DON’T scare the horses. Usually it’s a warning issued in jest. Careful now! Don’t cause a scene. Keep any scandalous behaviour in the private domain.

But now the risk of horses being scared has been cited by the Metropolitan Police as justification for arresting three people in the early hours of Saturday morning in Soho on suspicion of conspiracy to commit public nuisance. Among the items seized were “a number of rape alarms”.

Initially, the force tweeted that it had received intelligence indicating that “people were planning to throw rape alarms” to disrupt the King’s coronation procession. It subsequently deleted that claim and instead stated that it believed “people were planning to use rape alarms to disrupt the coronation procession”.

As if it weren’t already concerning enough that possession of rape alarms was being treated this way by, of all forces, the Metropolitan Police, it then emerged that at the time of their arrest, the trio were volunteering as part of a scheme to help women on nights out. Odd that they were out at 2am on Saturday morning, carrying rape alarms as part of their volunteering roles, if they were planning to disrupt the coronation later on the same day.

Westminster’s Night Stars initiative offers “assistance and support to women and those in need or who are vulnerable due to intoxication”, with volunteers wearing pink reflective vests bearing various logos including that of one of its partners: the Metropolitan Police.

It is, of course, debatable whether glimpsing that logo would provide reassurance to a drunk woman alone on the streets in need of help.

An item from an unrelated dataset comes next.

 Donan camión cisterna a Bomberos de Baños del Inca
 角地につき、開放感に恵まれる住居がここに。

Searching for comments in praise of how the coronation weekend was policed, I entered the phrase “Metropolitan Police hailed” into Google. “Did you mean: met police jailed?” it asked, showing me a disturbing array of news stories about criminal policemen: David Carrick, the serial rapist who considered himself “untouchable” due to his job; Liam Boshein, who was jailed after sending a “frankly repulsive” extreme pornographic image to a trainee colleague as “banter”; Thomas Andrews, who assaulted a woman by pushing her to the ground and received both a prison sentence and restraining order; and Sam Grigg, who tied up his female housemate with duct tape and when threatened with being reported said: “Who are you going to tell? I’m the police.”

It remains to be seen what further action, if any, results from the arrests of the Night Stars volunteers, one of whom is a supporter of Extinction Rebellion and had an XR badge on his hat, but the very suggestion that possession of rape alarms might be treated similarly to the possession of super-strength glue, or the bamboo structures used by groups like Extinction Rebellion to create blockades, is alarming indeed.

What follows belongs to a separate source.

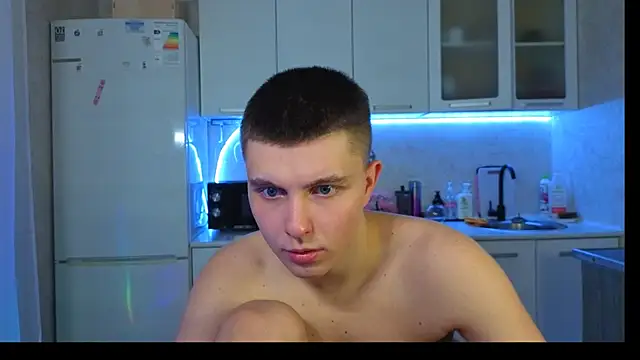 Snapshot of Keviin777 chatting on February 25, 9:02 pm Keviin777 online show from February 25, 9:02 pm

READ MORE: Dominic Raab's plan to scrap Human Rights Act 'won’t be coming back'

I was struck by one comment on Twitter that dismissed the possibility there might be legitimate reasons to hand out rape alarms on the night before the coronation, “when the streets were full of people camping out, thousands of police on duty and the anti-monarchists thought woman [sic] would be raped”.

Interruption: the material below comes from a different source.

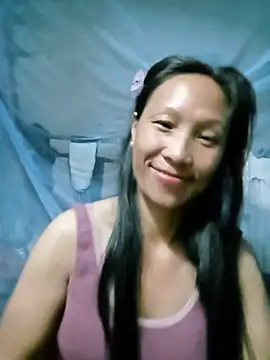 Diana-02 online show from May 2026 07:10:01 PM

Yes, because we all know that spontaneous tent villages are safe havens where no-one is ever harmed, and that women always loudly call out for a nearby police officer when being subjected to sexual assault, never freezing in fear.

Perhaps the tweeter missed the news that a man was last year charged with two counts of sexual assault after allegedly exposing himself and pushing into two women as they all stood in the long queue to see the Queen’s coffin lying in state.

The Mail on Sunday reported last month of “Extremists’ vile plot to spook king’s horses with rape alarms”. Professor Colin Davis, a psychology professor and regular participant in Extinction Rebellion protests, highlights that the story appears to draw a link between this “vile plot” and groups of both environmental activists and republicans. One might think it strange that either of those groups – especially the former – would choose to target animals as part of a protest.

Davis notes that in addition to reporting on the claims about rape alarms from “security sources”, the Mail on Sunday found a tweet from the English Constitution Party, which stated: “Coronation eggs welcome. Bring rape alarms.” He suggests that “quite possibly the claims about plans to throw alarms was a conflation with the eggs”.

The Metropolitan Police announced in advance of last weekend that their “tolerance for disruption” would be low, and that they would “deal robustly with anyone intent on undermining this celebration”. Is it the role of the police to ensure celebrations are not “undermined”? Ensuring public safety is one thing – but it’s unclear how confiscating republican placards contributed to that aim.

Perhaps it will turn out that the late-night volunteering was an ingenious cover story for a plan to startle horses and cause coronation carnage hours later. The alternative – that the police set out to find someone, anyone, carrying rape alarms to arrest – does not bear thinking about.